Rubble-strewn roads, ongoing fighting between Israel and Hamas and the withdrawal of humanitarian groups from large parts of Gaza are some of the others.
The US government also said one of its aims in starting the air drops was to circumvent criminal gangs which have begun stealing aid shipments before they can be delivered.
Starvation as bargaining chip
The main solutions — more aid through more crossings and distribution secured and facilitated by the Israeli military — can only be implemented by Israel.
The IDF said it had been trying to do just that, contracting private businesses to deliver aid last week, when the "mass casualty incident" at the aid convoy — in which Gazan health authorities said more than 100 Palestinians were killed — occurred.

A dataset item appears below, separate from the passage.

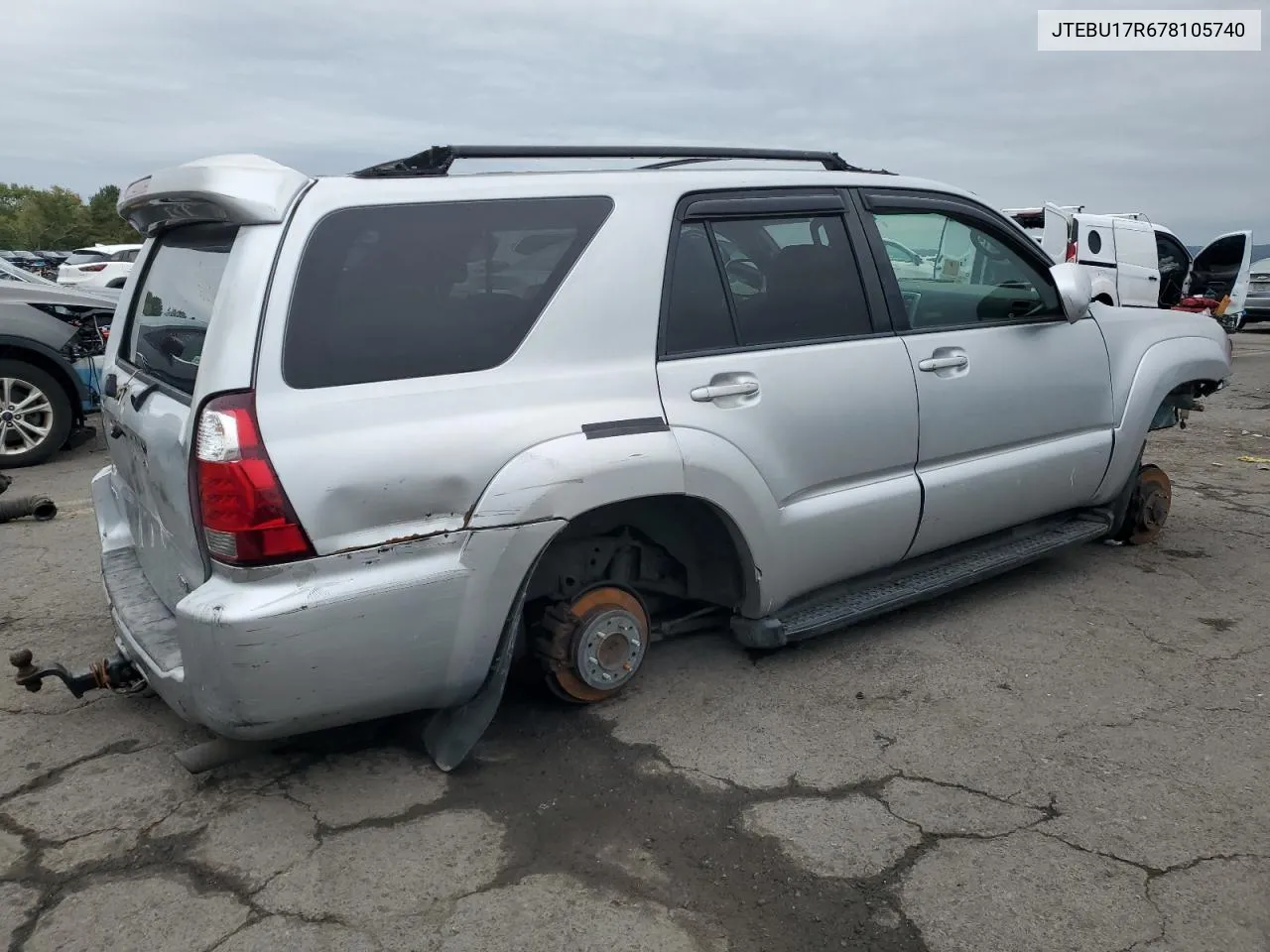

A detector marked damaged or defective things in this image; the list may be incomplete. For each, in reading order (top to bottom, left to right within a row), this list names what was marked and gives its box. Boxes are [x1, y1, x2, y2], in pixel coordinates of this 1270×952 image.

The Israeli military says its initial review of the incident showed most deaths were caused by a crowd crush and that "no strike was carried out by the IDF towards the aid convoy". Witnesses said the Israeli soldiers shot into the crowd and doctors treating the casualties said many had bullet wounds.

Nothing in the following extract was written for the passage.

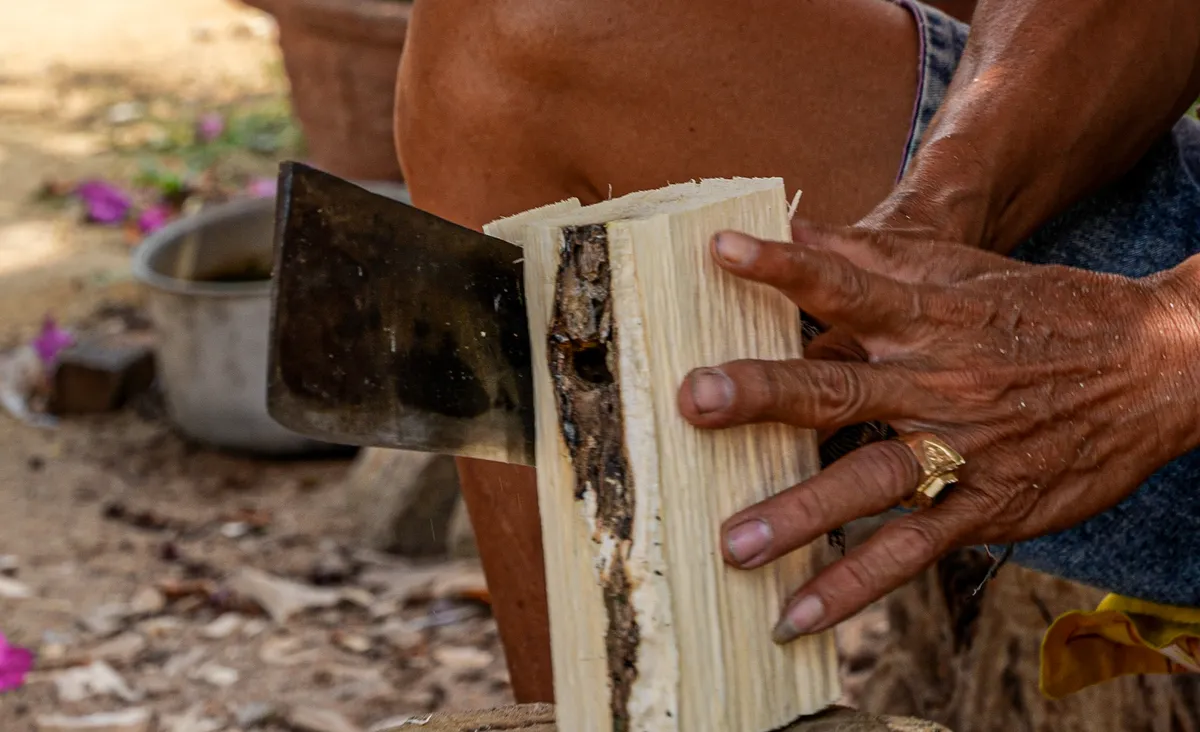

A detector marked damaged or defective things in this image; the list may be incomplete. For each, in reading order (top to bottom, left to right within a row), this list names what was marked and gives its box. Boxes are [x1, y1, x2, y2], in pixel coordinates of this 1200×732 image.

rusty cleaver [270, 163, 536, 466]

But using starvation as a bargaining chip — particularly at this crucial stage of ceasefire negotiations between Hamas and Israel — is openly discussed in Israel.

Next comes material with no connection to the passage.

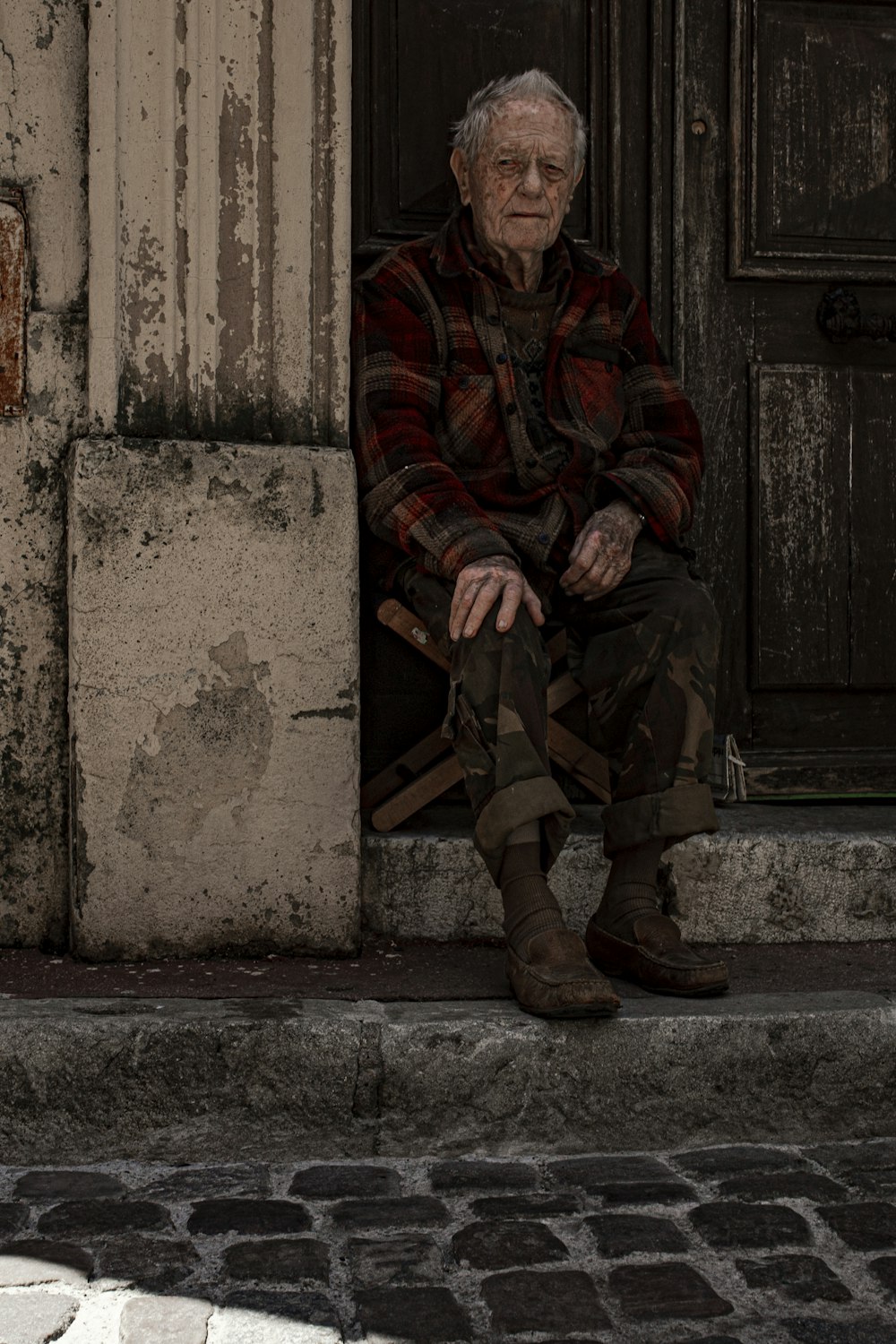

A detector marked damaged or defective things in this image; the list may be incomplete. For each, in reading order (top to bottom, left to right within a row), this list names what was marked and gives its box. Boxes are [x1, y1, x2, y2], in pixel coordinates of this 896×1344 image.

"The civilian situation in the northern Gaza is a significant card in the negotiations with Hamas for the return of the hostages, and Israel is not willing to give it away for free," military affairs commentator Yossi Yehoshua wrote in Israel's biggest daily newspaper, Yedioth Ahronoth, on March 3.
"Although, it's a drop in the ocean, Jerusalem and the Kirya [Israeli military headquarters] prefer to see pictures of food airdrops on the screens of news in the US rather than pictures of starving children ... Humanitarian aid is not a consolation prize or to look good, but rather a strategic need with the aim of achieving the war goals."
In the early weeks of the war, the former head of Israel's national security council, Major-General Giora Eiland, proposed that Israel create terrible conditions inside Gaza as a negotiating tool to secure the release of hostages.
"If we ever want to see the hostages alive, the only way is to create a severe humanitarian crisis in Gaza," he told the Israeli news site Globes on October 8, the day after the Hamas terrorist attacks which triggered the Israeli offensive.
"When international institutions shout about a humanitarian crisis in Gaza and bodies are piling up in the hospital and they cannot treat them, we will reply, 'We have no problem solving the real problems of Gaza, but give us back our prisoners first'."
Israel did initially close all crossings and cut off water and electricity in the early weeks of the war.
Hamas has so far not responded to the urgent need in Gaza by making a quick deal with Israel for a ceasefire. It certainly bears some of the responsibility for the looming famine but is spending whatever is left of its operational capacity fighting.
As children die, the situation is critical
With conflict ongoing, the population displaced and infrastructure destroyed, Hamas lacks any way beyond the ceasefire to improve conditions.
There are also key figures in the Israeli government who want the war to continue until the Hamas leadership has been killed and all of Gaza secured.
Their reluctance was evident in Israeli's late-stage refusal to send negotiators to Egypt on March 3 to finalise the ceasefire, on the pretext of not receiving an updated list of living hostages from Hamas.
Not even key members of Israel's security cabinet expected Hamas would provide such a document and were frustrated by the decision not to attend the talks, but the refusal allowed those hawkish elements within the Israeli government to delay the negotiations.
The situation could not be more critical.
The Palestinian Ministry of Health said 15 children have died from starvation in one hospital alone and the UN said 576,000 people in Gaza are facing "catastrophic levels of deprivation and starvation".
None of the main humanitarian actors think air drops will solve the crisis, as even the US government acknowledges.
But if half a truck of food falls from the sky, at least it is better than a bomb.